As part of its efforts to diversify its energy sources and reduce its heavy crude oil and gas dependence on West Asia, India is ready to cross over 12,000 km to buy scarce energy resources from the far off Canada and the US.

Senior petroleum ministry officials disclosed that following a proposal from the Planning Commission, state-owned companies including Indian Oil are keen to source crude oil from Canada and LNG (liquefied natural gas) from both Canada and the US, for which discussions are underway.

For LNG imports, Indian buyers are contemplating the formation of a new company in Canada, the official said.

“We have conveyed our willingness to the petroleum ministry on this proposal for joining the proposed consortium of Indian PSUs or even go alone to source LNG from Albany province based on techno-economic viability,” a senior IOC official confirmed.

India does not have a free trade agreement with the US, but is in talks to relax bilateral trade norms. Currently, gas exports from the US is permitted to only those nations that have an FTA with it. Even with Canada, India does not have any engagement as of now; however, there are no restrictions on importing oil and gas from that country.

Canadian oil producers are looking to diversify markets for their crude oil grades. “There is limited pipeline capacity available at present to transport western Canadian crude to the Canadian west coast for onward transportation to Asia. Crude oil producers there are planning to increase connectivity to world markets by adding more pipeline capacity,” the IOC official told HT.

The Canadian conventional grade of crude oil gives India price advantage over the comparable crude varieties being sourced from West Asia.

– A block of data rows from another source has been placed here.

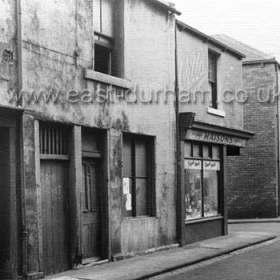 Green Street, opposite Theatre Royal, Green St was originally known as Cheapside or Cross St and  became Green St in 1861. Cul de sac to left serves rear of Hunters Buildings and rear of the north eastern section of Church St. Church St is just off frame to right. Photograph early 1950s.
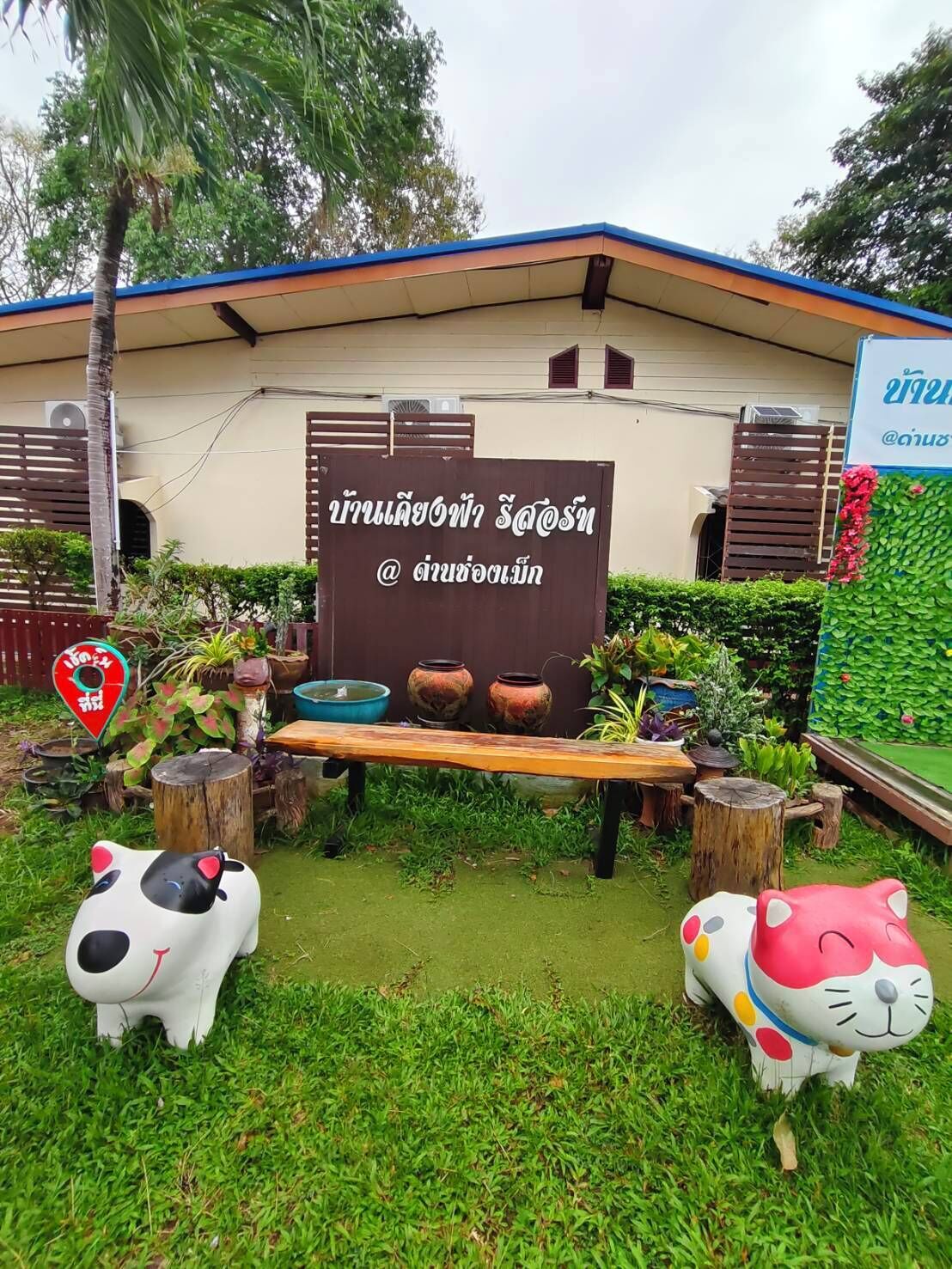 Un jardín con un banco de madera, macetas decorativas y dos estatuas de animales.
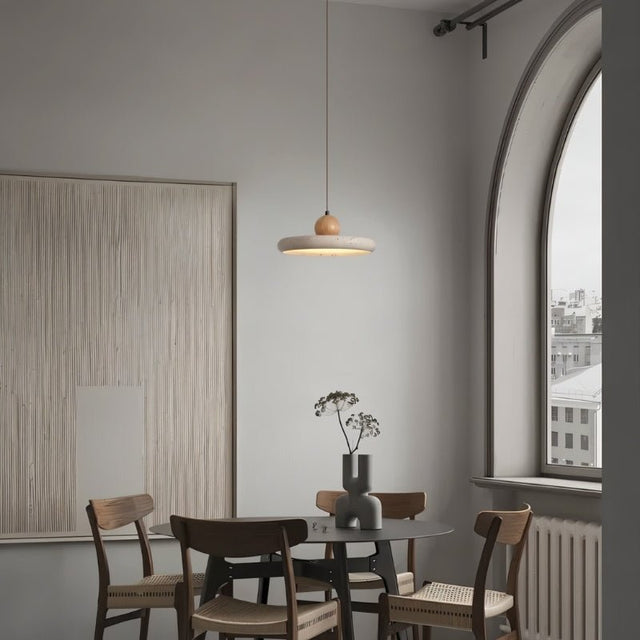 "Modern, minimalist pendant light with a circular travertine shade and wooden sphere, hanging in a dining room with a round table, chairs, artwork, and a large arched window."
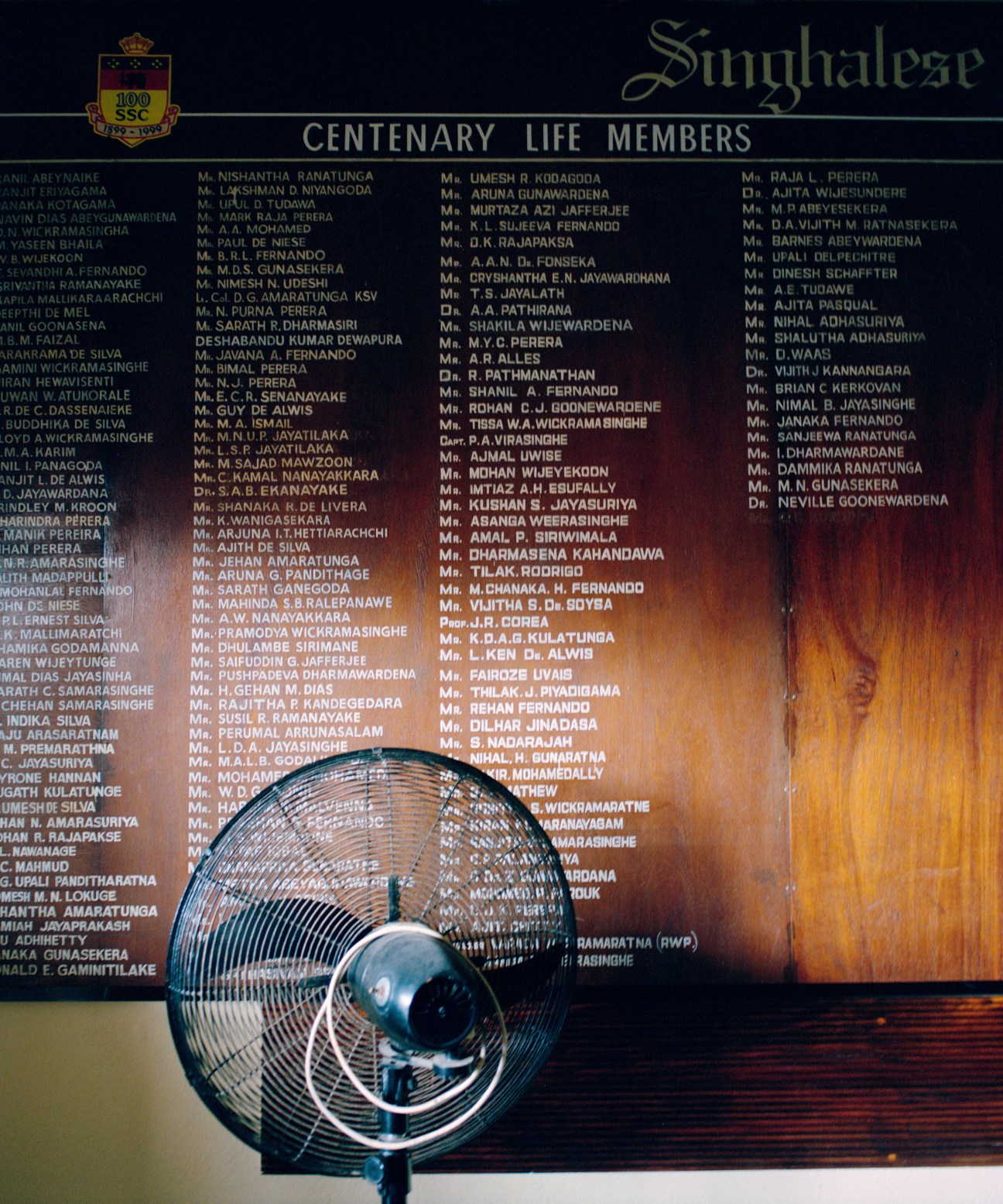 A vintage fan sits in front of a wooden plaque listing centenary life members at Broomfield Cricket Club.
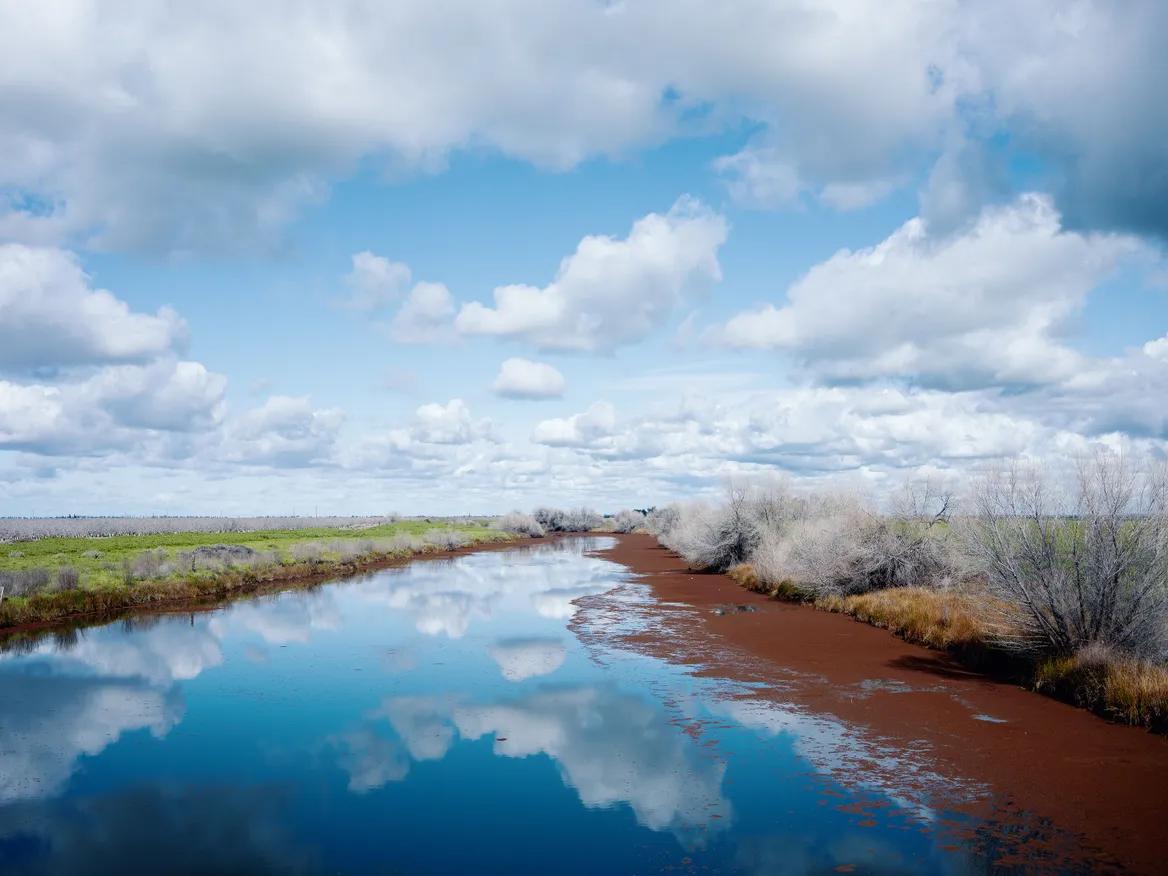 A canal of water flows through a field and reflects clouds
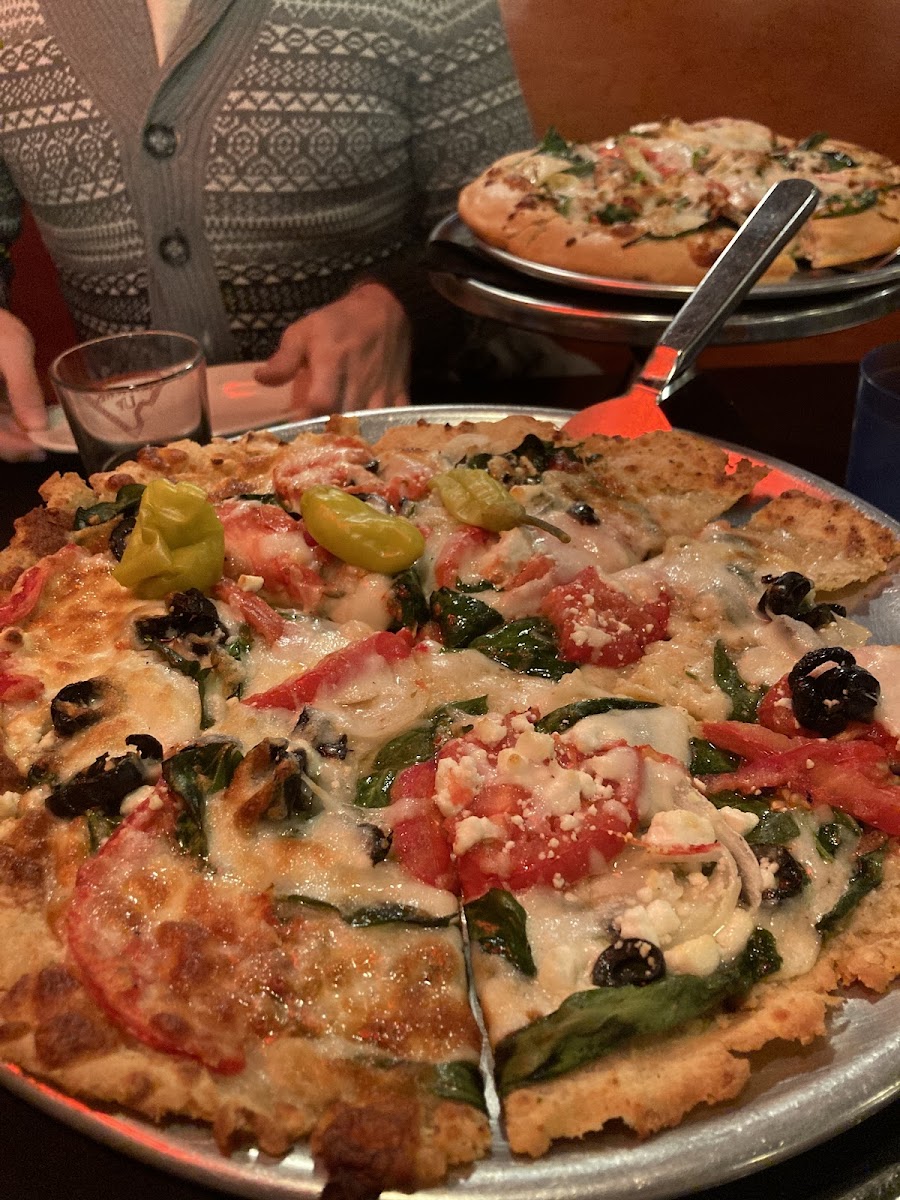Greek pizza (gluten free) in front; standard pizza in the back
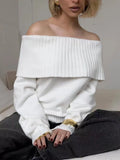 Grey off-the-shoulder strapless women's sweater with a 3D textured pattern.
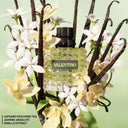 Valentino Donna Born In Roma Green Stravaganza Eau de Parfum 50ml perfume bottle surrounded by vanilla beans and flowers on a light green background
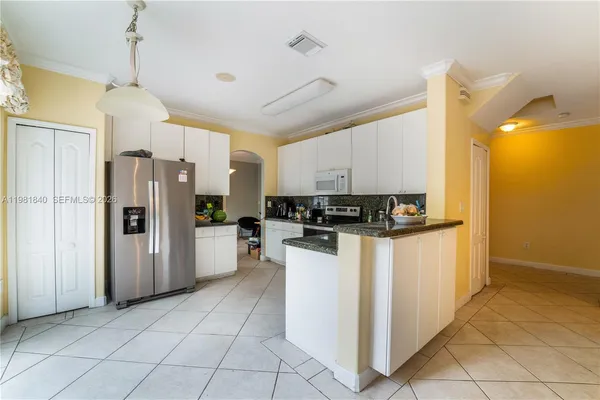 a kitchen with a refrigerator and a stove top oven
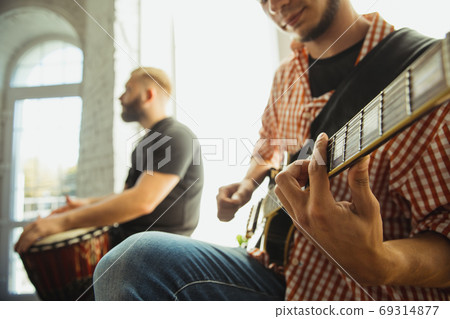 Musician band jamming together in art workplace with instruments Musician band jamming together in art workplace with instruments 69314877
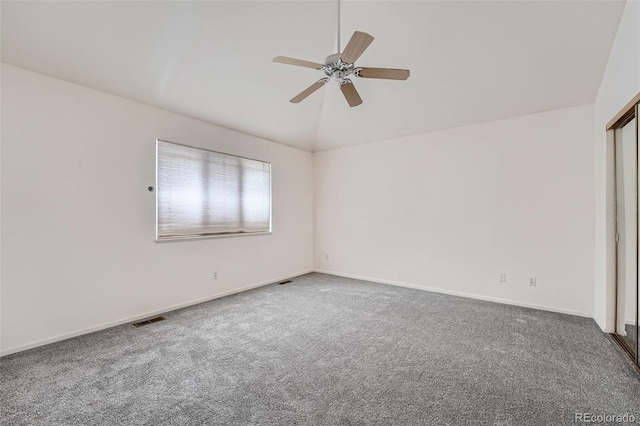 carpeted empty room with ceiling fan and lofted ceiling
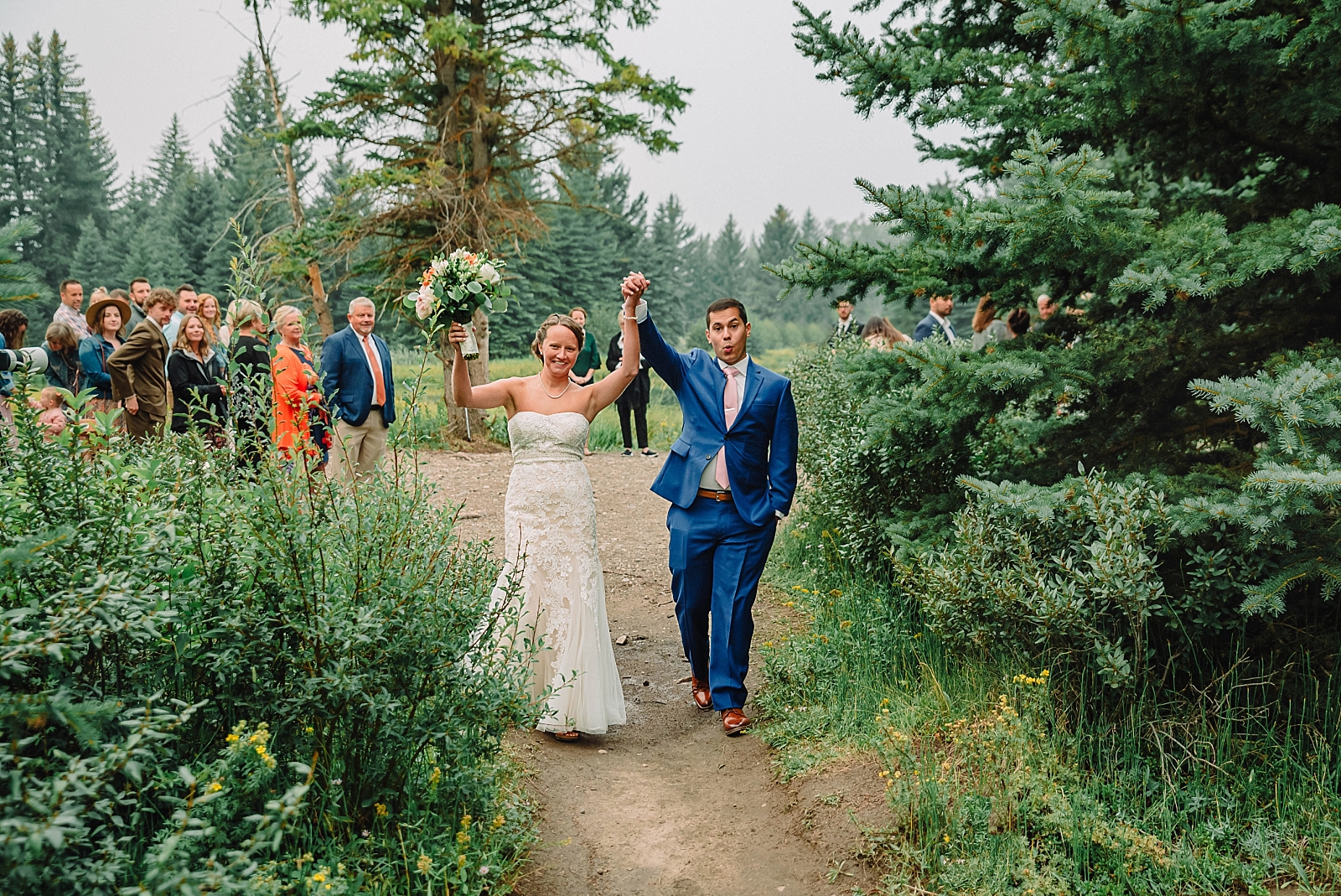 bride and groom exit outdoor wedding ceremony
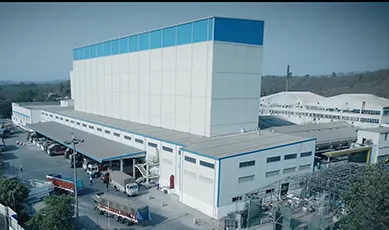 A large, modern industrial manufacturing facility with a blue and white exterior and commercial trucks docked at the loading bays.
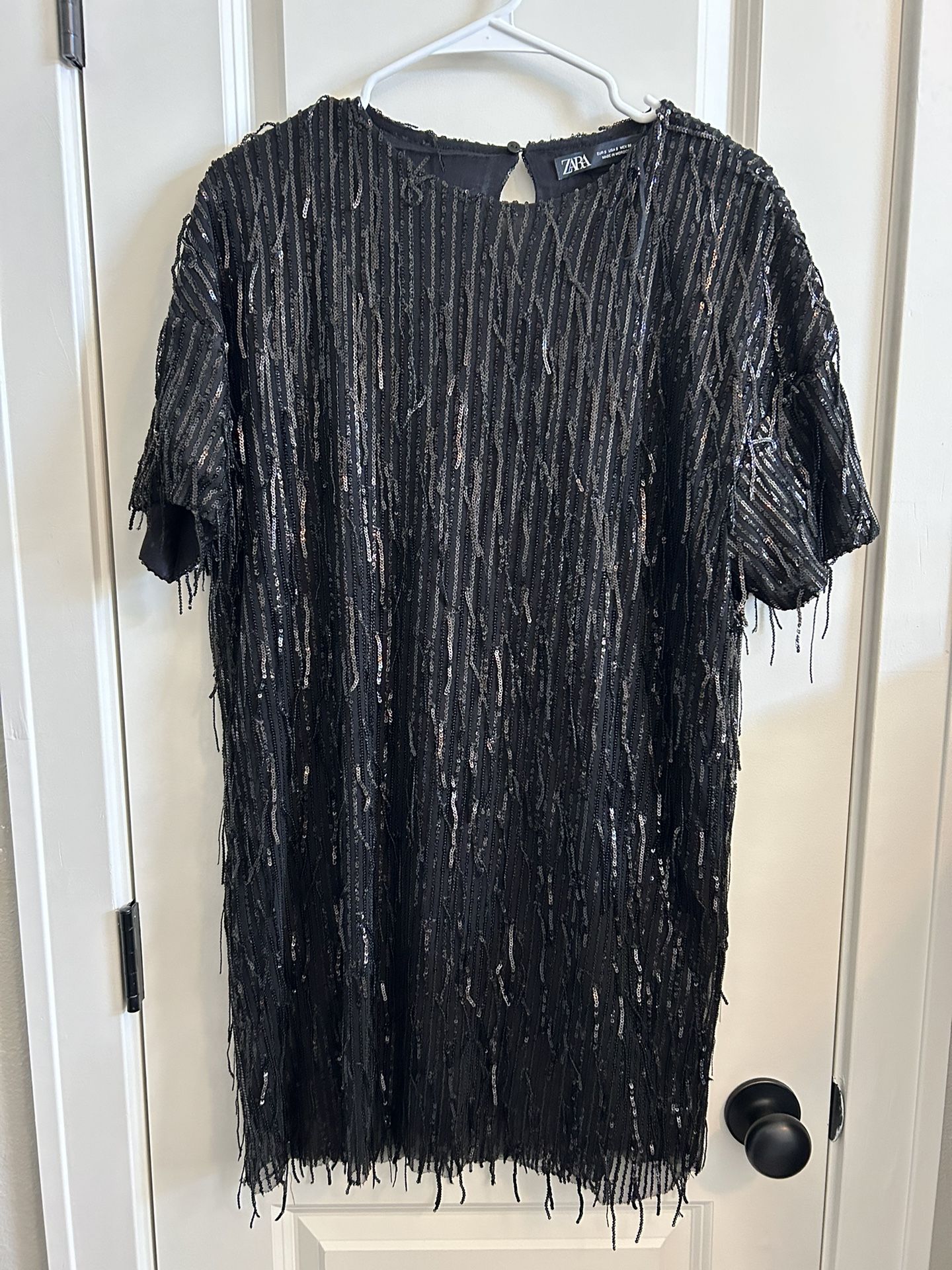 Woman’s Zara black sequins dress. Size small.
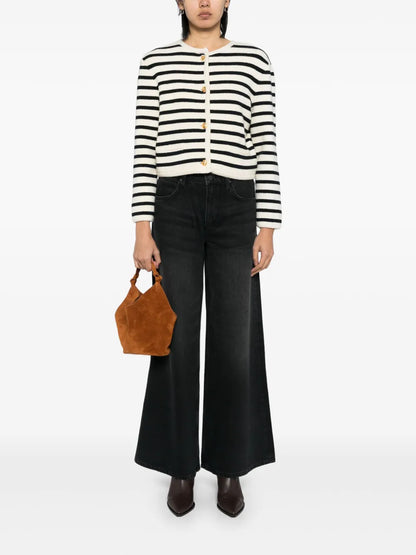 The Slung Sugar Cone Sneak Jeans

“During January-June 2012, Canadian synthetic crudes were priced on an average between $62 a $83 a barrel whereas similar crudes were priced on an average between $90 to 95 a barrel against the average price for Brent at $113/bbl during the same period,” the official said.

Companies like IOC are examining the suitability of using this synthetic grade of crude, the official said: “If it is found suitable, it could then compete with other crude oil grades from other region of the world for Indian refineries.”

Canadian companies would however be seeking long-term commitments from customers of major consuming countries like India for sourcing their crude oil, so that they can decide on investing in the pipeline projects. The appraisal of the Canadian crude by Indian refiners, thus, becomes of utmost importance, since long-term commitments would become feasible only if the crude meets the Indian requirements.